Most of us understand what Pentecost represents as a Christian Festival but to understand its significance we also need to understand what it represented as a Jewish festival. To the Jews, Pentecost was, and still is, a festival to mark God giving the Ten Commandments. It occurs 49 days after Passover to reflect the Jewish understanding, from biblical texts, that God gave the Jews the Ten Commandments 49 days after they had been liberated from Egypt on the first Passover. The Ten Commandments were a great move forwards in the history of religion. It is one of the very first ethical codes adopted by any religion anywhere. The commandments marked a transition from assuming that religion was primarily about appeasing God, or the gods, by religious ritual, particularly those involving animal sacrifice, to a view that religion should guide how we live our everyday lives.

The commandments were still, however, essentially a list of laws. It wasn’t long before those ten laws multiplied within Jewish culture. The books of Deuteronomy and Leviticus are almost entirely composed of laws. Laws about what you should eat, how you should worship, how you should dress. As a church we visited the Manchester Jewish Museum within the old Synagogue on Cheetham Hill Road just north of the city centre. It was fascinating visit but left me quite depressed at the emphasis there seemed to be observing what seemed to be as rather petty rules.
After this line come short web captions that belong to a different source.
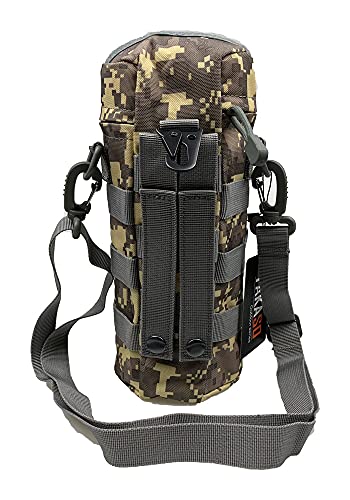 Tactical Molle Water Bottle Holder Pouch Hydration Carrier Bag Tactical EDC Water Bottle Carrier with Detachable Shoulder Strap for Hiking Camping Outdoor Sport Travel - color: ACU
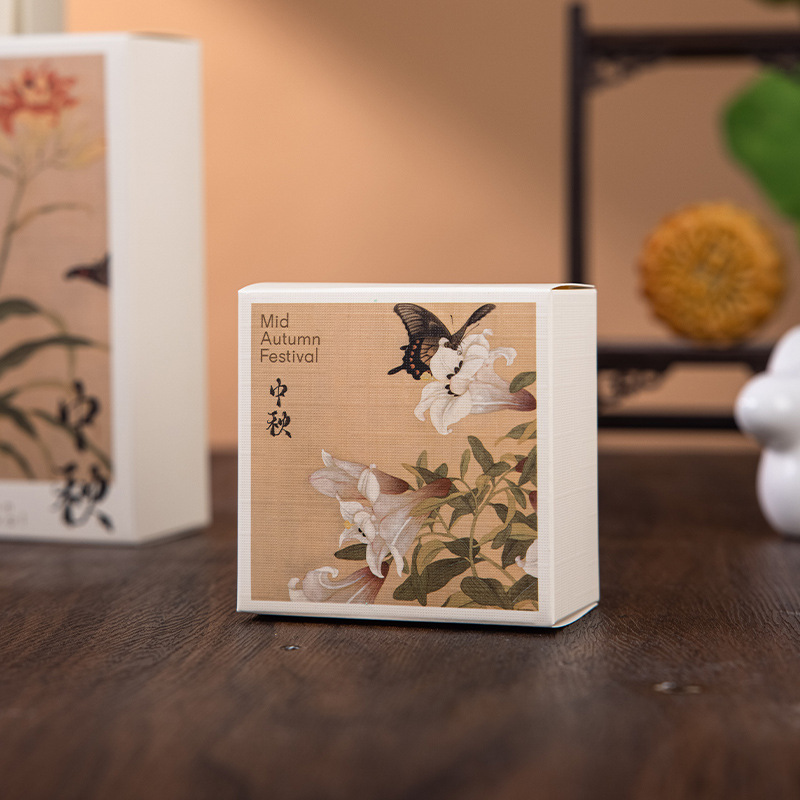 月饼礼品盒花韵绿2025新款空盒便携中式国潮圆形高级皮革手提皮带|undefined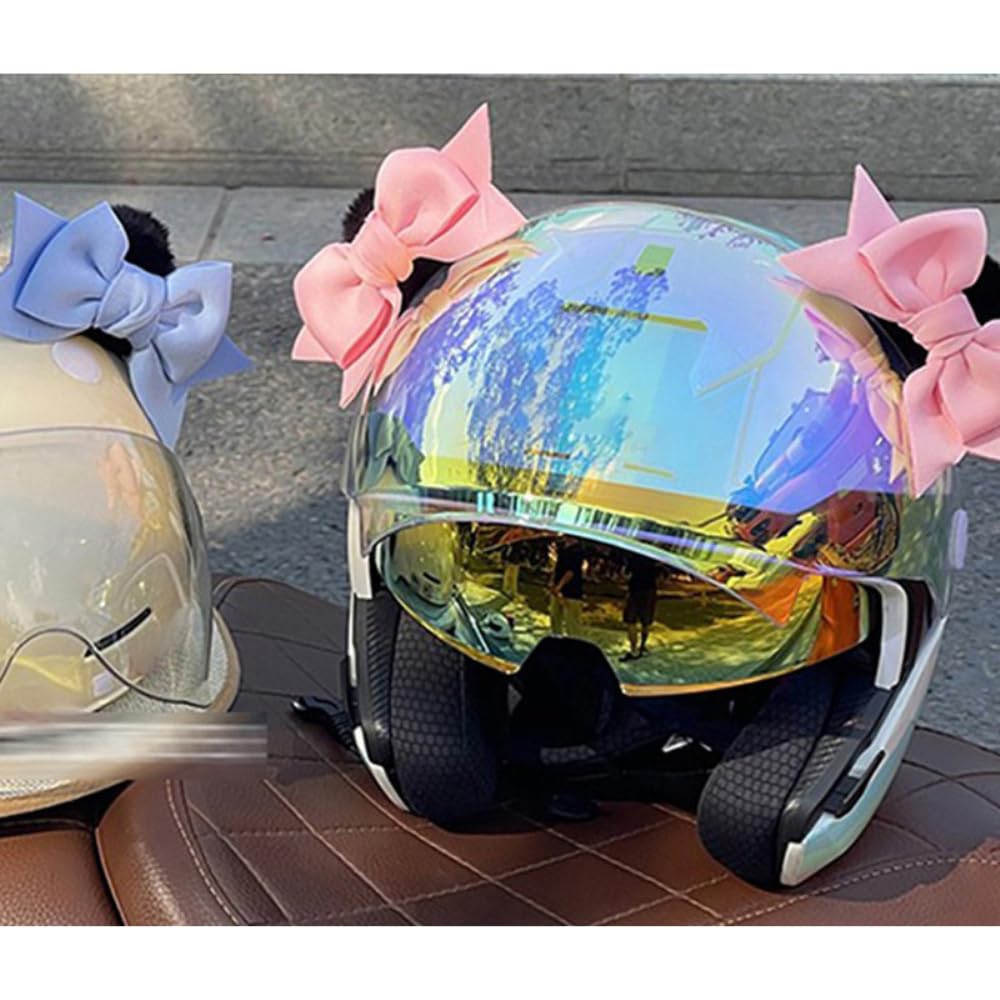Wambere Décoration de casque de moto, nœud tridimensionnel oreilles de chat décoration de casque oreilles en peluche chapeau de moto bijou de casque amovible ornements de casque moto accessoires de
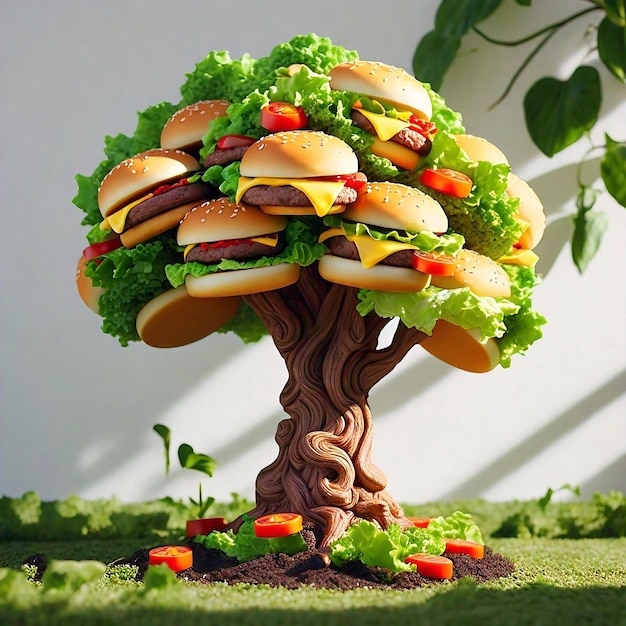 a tree with a lot of food on it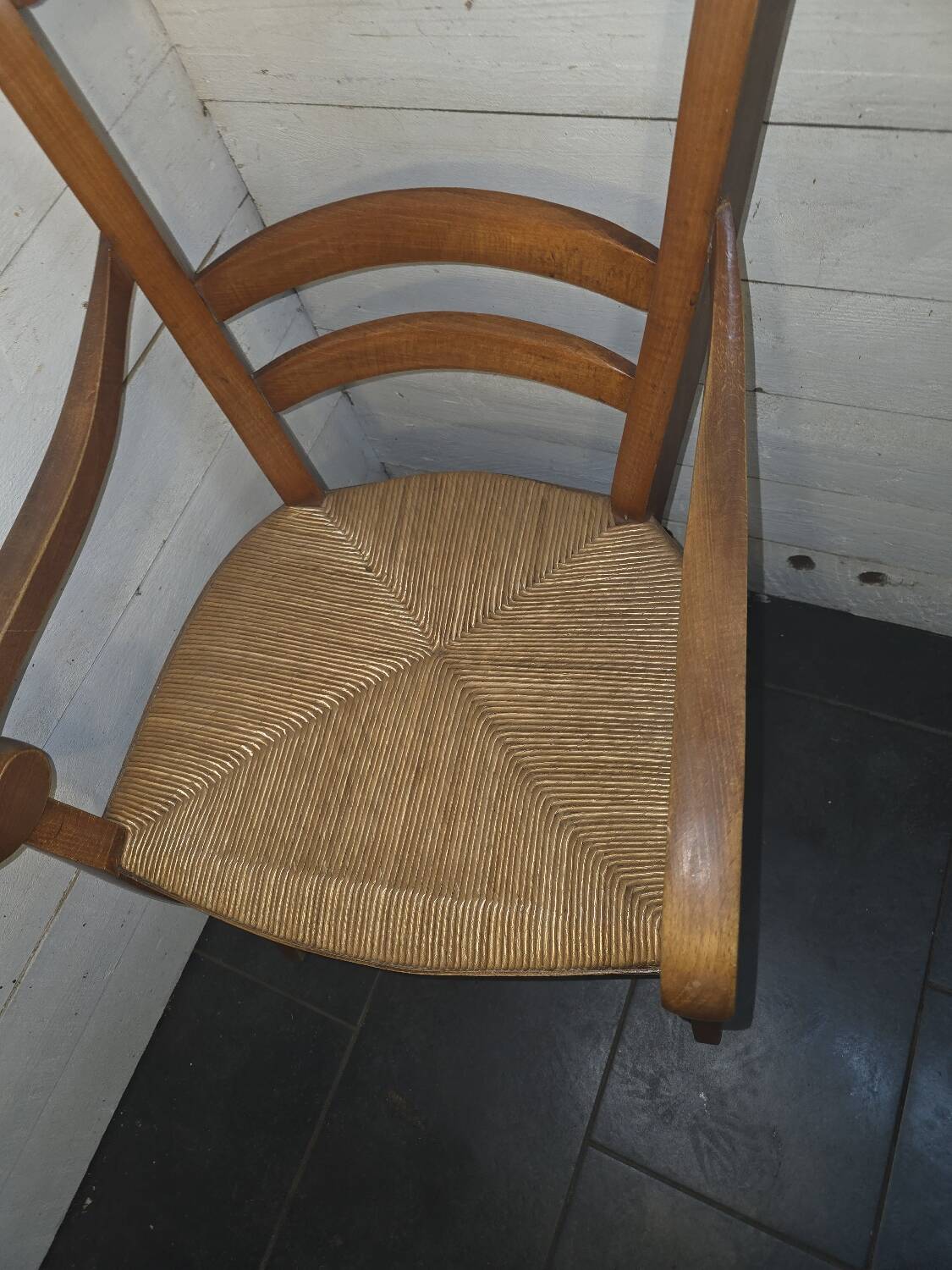Beechwood office chair with straw seat
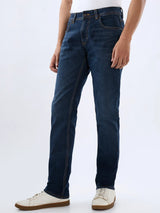 Men Rover Jeans Regular Fit Dark Blue Mid Rise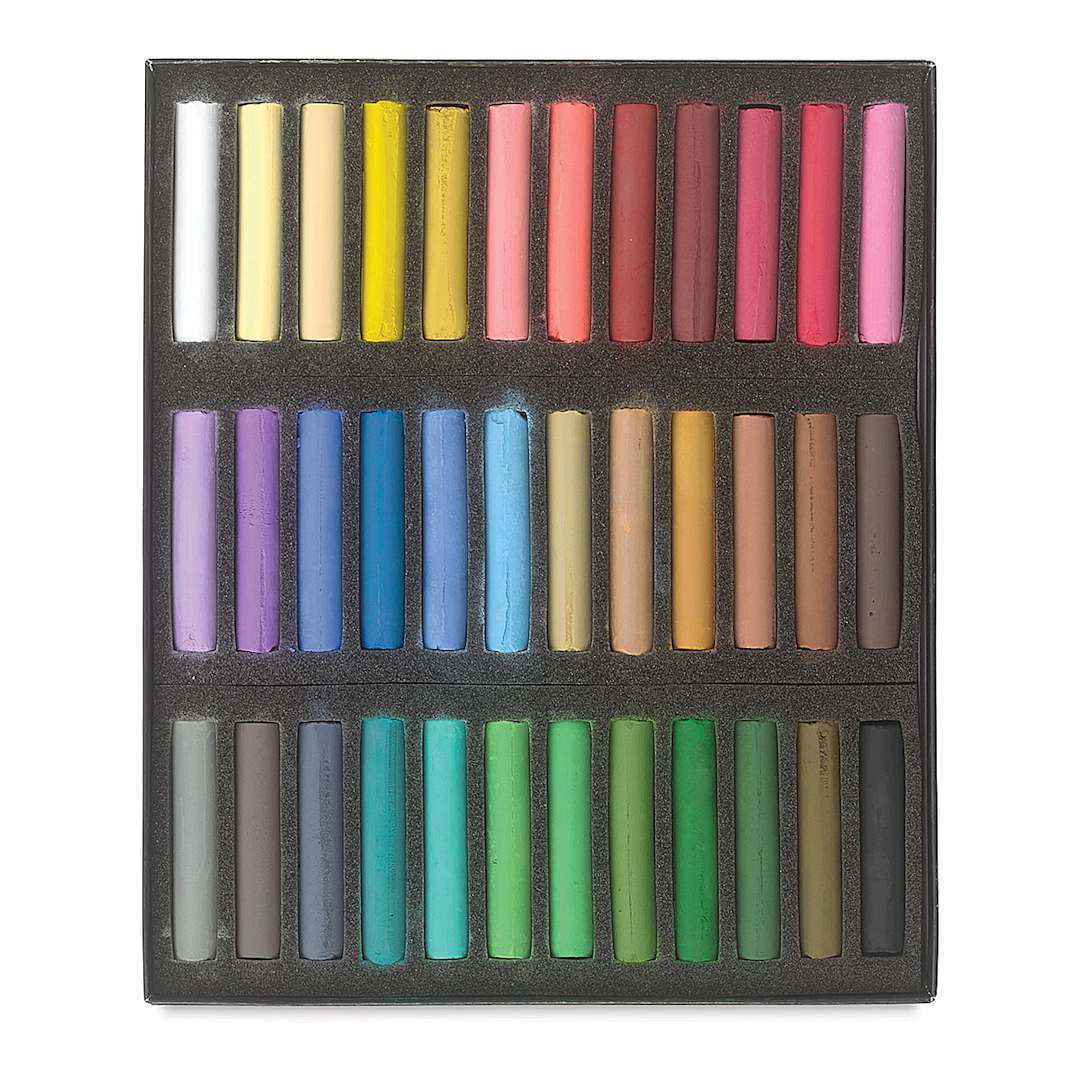 Open in modal - Blockx Soft Pastel Set - Assorted Colors, Set of 36, pastels inside of the packaging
The early Christian movement presented something quite different – a new relationship with God not through observance of laws but through a personal relationship with the Spirit written in our hearts. It is now coincidence that that movement remembers that gift as being given on the Jewish festival of Pentecost. The symbolism is that the emphasis on observation of the Law has been replaced by that on a personal relationship with God. We have replaced a Jewish festival which celebrates one with a Christian festival which celebrates the other.

So let us join in that celebration. Let us all recognise the Spirit of God written within our hearts. Let us be inspired by the disciples who first experienced God in their hearts and went out to do what is right. Let us be inspired by all those Christian Aid collectors who have experienced God in their hearts and are stepping out of the comfort of their homes to do what they believe is right.  Let us not be satisfied, either as individuals or as a society, with doing what is legal. Let us work for what is right. It is only through doing this that we will work together with each other and our God to build his Kingdom.